La sociedad civil en sus diferentes niveles clama por una respuesta que no pasa por cambios cosméticos a los cuales la Concertación parecía tenernos acostumbrados (y según la cual la Alianza ha sido su mayor aprendiz), sino por modificaciones de caracteres estructurales, que ataquen los fundamentos sobre los cuales se ha sustentado el “modelo” educativo chileno.
Diversas encuestas, la mayoría incluso de tendencia política oficialista, han corroborado que las demandas estudiantiles son representativas (en sus contenidos y formas) de una mayoría indiscutible.
No obstante tales datos, (valorados usualmente por la clase política casi al nivel del sufragio universal), las tratativas para poder componer la mesa de diálogo han sido tan numerables como infructuosas, según lo cual destaca el rechazo a la conformación de dicha mesa por parte del Gobierno la semana pasada.
Frente a este último evento, parte importante de la clase política, de las autoridades religiosas, de las autoridades universitarias y de la ciudadanía en general, se ha manifestado pidiendo buena voluntad de las partes para la definitiva estructuración de dicha instancia.
Sin embargo, ¿alguien se ha detenido a pensar realmente que supone (y qué consecuencias podría tener) el que la sociedad civil (incluyendo a sus autoridades) deposite en la sola buena voluntad al diálogo una salida que para la mayor parte de la población aparece especialmente clara (no más lucro, no más segregación social, no más desigualdad, etc.)?
El panorama no es tan difícil de visualizar.
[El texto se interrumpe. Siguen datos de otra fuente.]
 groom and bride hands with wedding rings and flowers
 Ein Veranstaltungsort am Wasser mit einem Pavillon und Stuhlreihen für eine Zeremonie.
Nuestro sistema “democrático” bien parece acercarse a la monarquía descrita y adorada por Thomas Hobbes en el siglo XVII, a partir de lo cual el poder absoluto reside en un soberano que ostenta las facultades de hacer y deshacer con ancha voluntad, y al cual la población le debe rendir pleitesía.
En esa línea, como solución al conflicto educacional, nuestras distintas autoridades (y muchos ciudadanos mal acostumbrados al paternalismo de las élites) ruegan por el don de la buena voluntad a nuestros mandos gubernamentales, para avanzar hacia lo que la sociedad chilena considera necesario.
¿Es acaso admisible que una sociedad que se dice democrática (esto es, que respeta y hace prevalecer las voluntades de las mayorías, las que a su vez proveen de legitimidad al orden político) se ordene y gobierne a sí misma a partir de la sola buena disposición de sus gobernantes?
A mi juicio el problema en estas materias es de particular significancia, ya que institucionalmente pone una bomba de tiempo para el concepto que abriga el sistema democrático chileno.
Si el descontento y las demandas señaladas por la población en materia educativa carecen de eco para las prácticas de nuestros gobernantes (y por tanto éstos siguen poniendo cortapisas para la búsqueda de la solución que la ciudadanía desea), se pone en tela de juicio la función representativa de la democracia, posibilitando consecuencias para las cuales basta con echar a correr la imaginación. Y esto no es menor.
La semántica del saber técnico (de que, por ejemplo, basta con el pensamiento economicista para gobernar un país) que les ha permitido tanto a la Alianza como a la Concertación jugar a la “democracia” vedando los vasos sanguíneos que le otorgan vida y legitimidad a la misma (esto es, la ciudadanía), parece al fin comenzar a situarse en su lugar.
En ese espíritu, nuestras autoridades debiesen comprender hoy más que nunca, que la democracia no se trata solo de votar de vez en cuando, sino además de perseguir siempre representar a la población.
Una real democracia siempre quiere más de sí misma.